Hack the Gibson #93


Read the reason for these posts. Read Steve Gibson’s response.

An other Security Now! episode, an other SpinRite story without mentioning backups. There are few explanations for this, none of which shed a very good light on Mr. Gibson: (a) he doesn’t care, (b) the flaws SpinRite repairs are not at all serious, so with or without SpinRite the harddrive would be just fine or (c) there is some dark conspiracy between Mr. Gibson and the hard drive makers. I don’t believe in conspiracy theories, but like very much the following quote attributed to Einstein: Two things are infinite: the universe and human stupidity; and I’m not sure about the the universe. But I’ve beaten the dead horse enough.

Credit to Steve: he mentions that there is no such thing in law as intellectual property, there are only patents, copyright and trademark.

The discussion was well rounded (although Steve did use the term intellectual property once or twice), however there were two points that I feel are important and were not covered or got very little coverage:

Run-through time for patents – I’ve heard that there is a backlog of at least a year at the patent office, that is, there are at least a year worth of patent material which can potentially affect a given piece of software, however no-one can look at them for the following year.
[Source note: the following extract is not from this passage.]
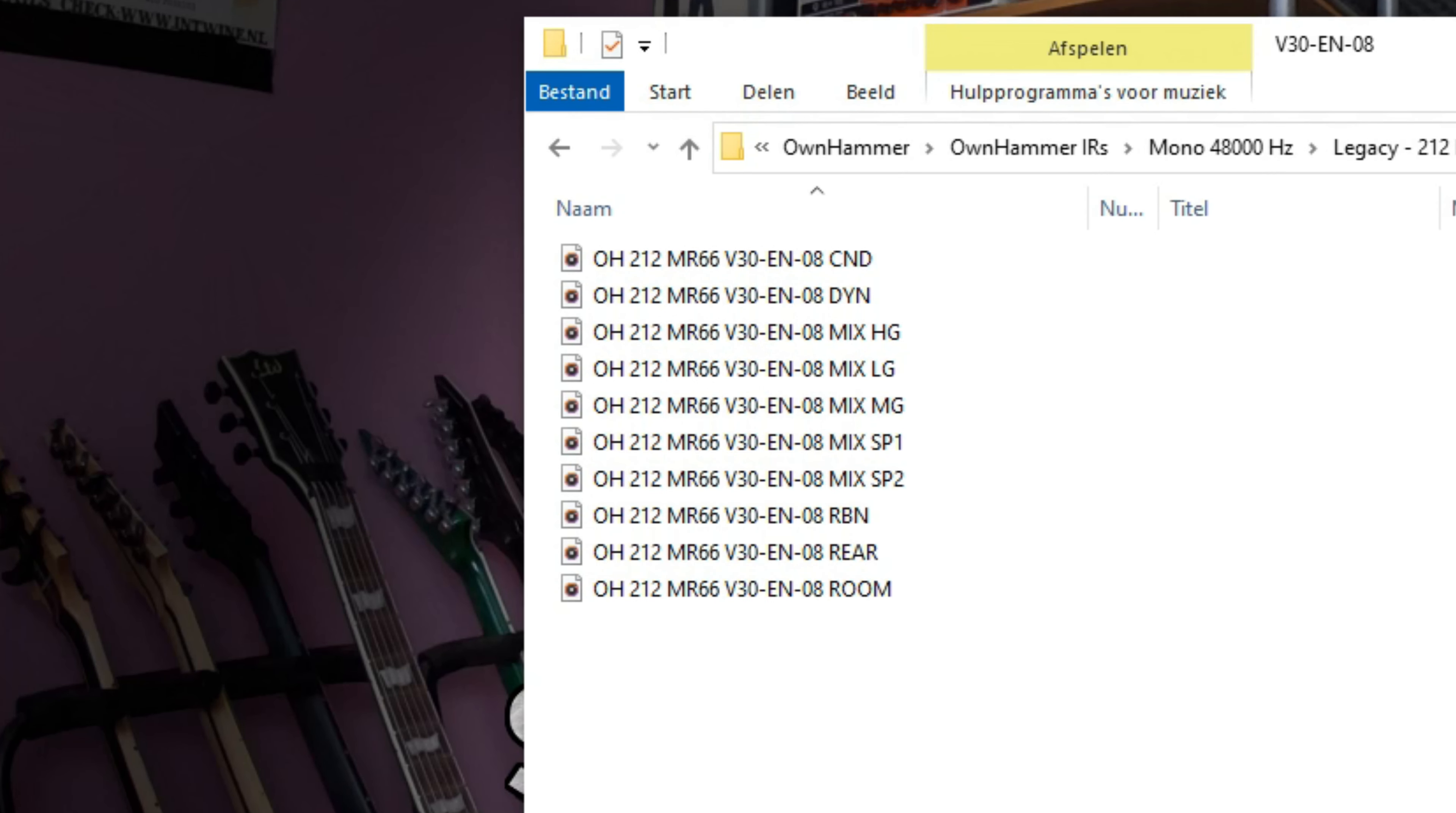These folders contain 3 single mic captures, a rear and room capture, as well as 5 different mic blend mixes. The high gain or HG mix is the most forward, focused and direct sounding of the 3 Ohnhammer premade mixes. This mix pairs well with high output humbuckers and high gain amps.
This means that you could everything by the books (search every relevant patent to your field of activity) and still be potentially liable for patent infringement.

The second aspect – which got a little coverage, but not enough in my opinion – is the international aspect. The fact that the USA tries to force its patents on other countries through threats. The fact that it calls countries names when they decide to disregard the American patent system so that they can make an affordable living, other than some kind of moder slaves, but it fails to mention that the USA started itself by disregarding the British patents.